**Set env variables and create directory for module**

In [208]:
%env PROJECT_ID frauddetectionkaggle
%env BUCKET_ID frauddetectionkagglepkmatt
%env REGION europe-west1
%env TRAINER_PACKAGE_PATH ./fraud_detection_training
%env MAIN_TRAINER_MODULE fraud_detection_training.train
%env JOB_DIR gs://frauddetectionkagglepkm/xgb_job_dir
%env RUNTIME_VERSION 1.14
%env PYTHON_VERSION 3.5
! mkdir fraud_detection_training

env: PROJECT_ID=frauddetectionkaggle
env: BUCKET_ID=frauddetectionkagglepkmatt
env: REGION=europe-west1
env: TRAINER_PACKAGE_PATH=./fraud_detection_training
env: MAIN_TRAINER_MODULE=fraud_detection_training.train
env: JOB_DIR=gs://frauddetectionkagglepkm/xgb_job_dir
env: RUNTIME_VERSION=1.14
env: PYTHON_VERSION=3.5
mkdir: cannot create directory ‘fraud_detection_training’: File exists


**Create a bucket (NB: AI Platform won't work with a multi region bucket!!)**

In [209]:
! gsutil mb -l $REGION gs://$BUCKET_ID
#upload the CSVs to this bucket manually

Creating gs://frauddetectionkagglepkmatt/...
ServiceException: 409 Bucket frauddetectionkagglepkmatt already exists.

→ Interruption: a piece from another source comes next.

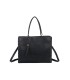 T11702 - Bolso cuadrado con borla y tachuelas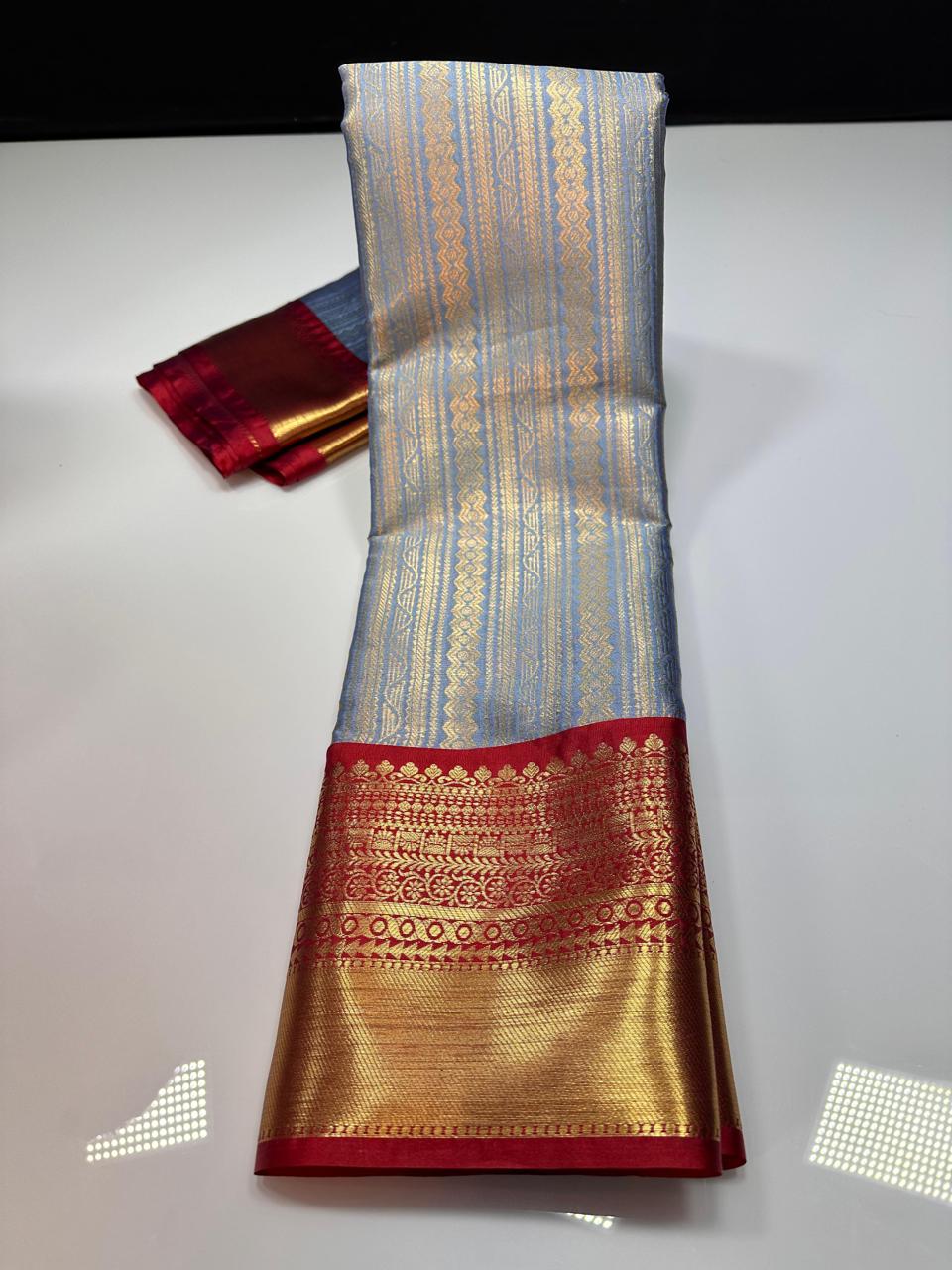 kanchipuram semi silk saree-Blue with red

**Create training script that downloads, encodes, trains and saves the model**

In [252]:
#%%writefile ./fraud_detection_training/train.py
# [START setup]
import datetime
import pandas as pd
import numpy as np
import re
from sklearn import preprocessing
from sklearn.preprocessing import Imputer
from sklearn.externals import joblib
import xgboost as xgb
from google.cloud import storage
import os
BUCKET_ID = 'frauddetectionkagglepkmatt'


# ---------------------------------------
# 1. Add code to download the data from GCS 
# AI Platform will then be able to use the data when training your model.
# ---------------------------------------
# [START download-data]

identity = 'train_identity_small.csv'
transaction = 'train_transaction_small.csv'

#  bucket holding the data
bucket = storage.Client().bucket(BUCKET_ID)

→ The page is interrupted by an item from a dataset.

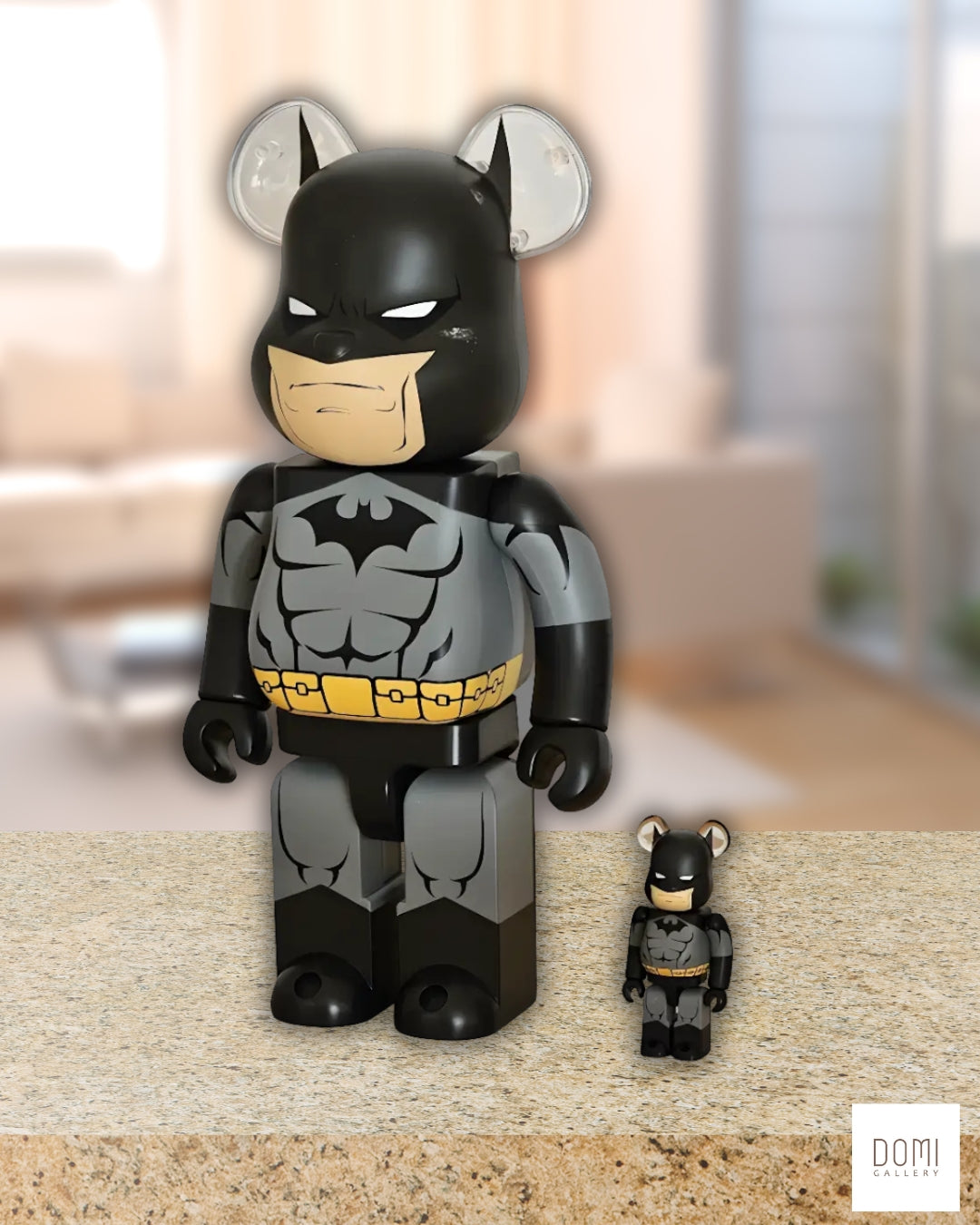 Batman Hush Black Version 400% & 100% - Bearbrick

# Path to the data inside the public bucket
data_dir = 'data/raw/'

if not os.path.exists(identity):
    # Download the data
    blob = bucket.blob(''.join([data_dir, identity]))
    blob.download_to_filename(identity)
    
if not os.path.exists(transaction):    
    blob = bucket.blob(''.join([data_dir, transaction]))
    blob.download_to_filename(transaction)

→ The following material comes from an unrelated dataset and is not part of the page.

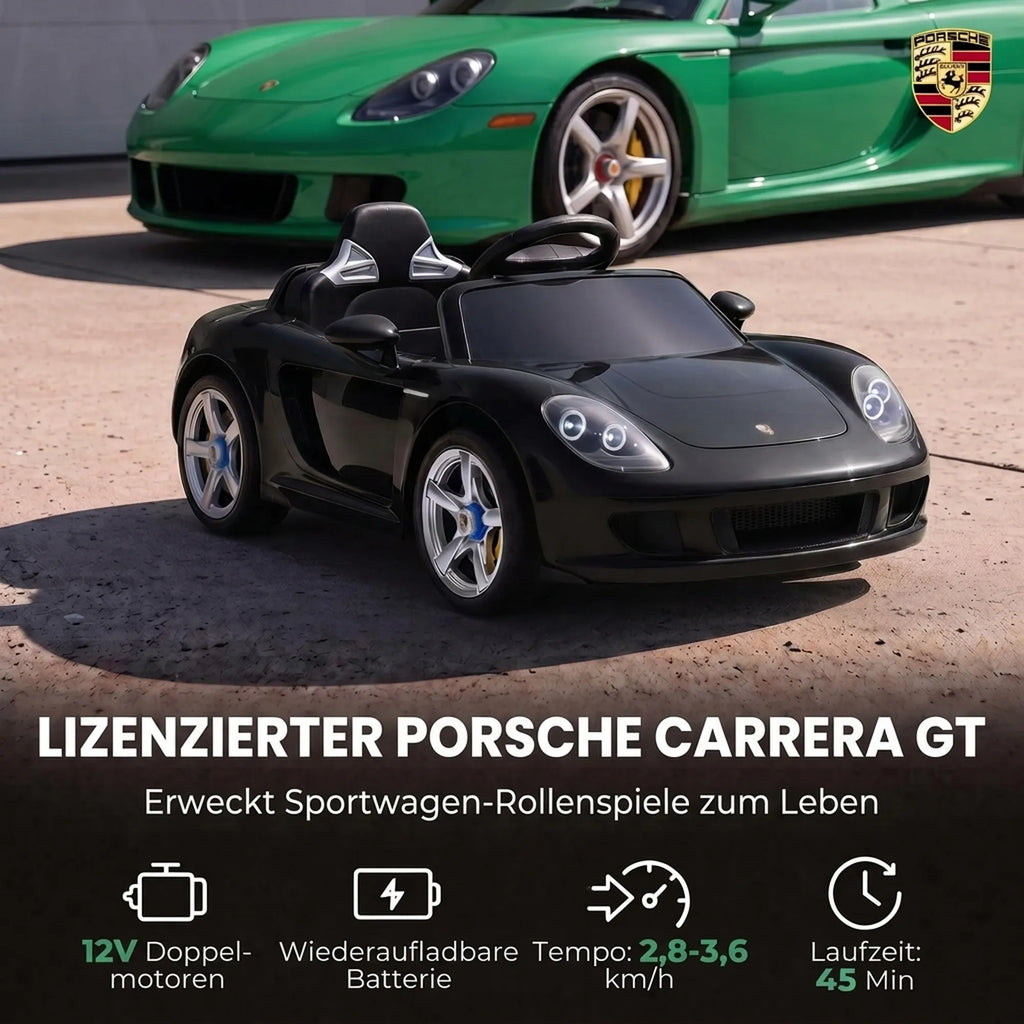 Žaislinis elektromobilis šalia tikro žalio Porsche automobilio fone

def load_and_merge_data(transaction_csv,identity_csv,isTrain,nrows=1000000):
    df_transaction = pd.read_csv(transaction_csv, index_col='TransactionID',nrows=nrows)
    df_identity = pd.read_csv(identity_csv, index_col='TransactionID',nrows=nrows)
    df = pd.merge(df_transaction, df_identity, on='TransactionID', how='left')
    del df_transaction
    del df_identity
    if isTrain:
        labels = df[['isFraud']]
        df.pop('isFraud')
    else:
        labels = []
    return df, labels

train,labels  = load_and_merge_data(transaction,identity,isTrain=True)
#train,labels  = load_and_merge_data('gs://frauddetectionkagglepkmatt/data/raw/train_transaction.csv','gs://frauddetectionkagglepkmatt/data/raw/train_identity.csv',isTrain=True,nrows=5000)
# #validate,vallabels  = load_and_merge_data('./data/raw/test_transaction.csv','./data/raw/test_identity.csv',isTrain=False,nrows=5000)

#print(train.shape)

def get_lists_of_numerical_categorical(df,regex):
    #Regex for categorical fields:
    categorical = []
    numerical = []

    #Create lists of categorical and numeircal fields:
    for i in df:
        if re.match(regex, i):
            categorical.append(i)
        else:
            numerical.append(i)
    return numerical,categorical

cat_columns_regex='ProductCD|card[1-6]|addr\d|\w_emaildomain|M[1-9]|time_|Device\w+|id_12|id_13|id_14|id_15|id_16|id_17|id_18|id_19|id_20|id_21|id_22|id_23|id_24|id_25|id_26|id_27|id_28|id_29|id_30|id_31|id_32|id_33|id_34|id_35|id_36|id_37|id_38'
numerical,categorical = get_lists_of_numerical_categorical(train,cat_columns_regex)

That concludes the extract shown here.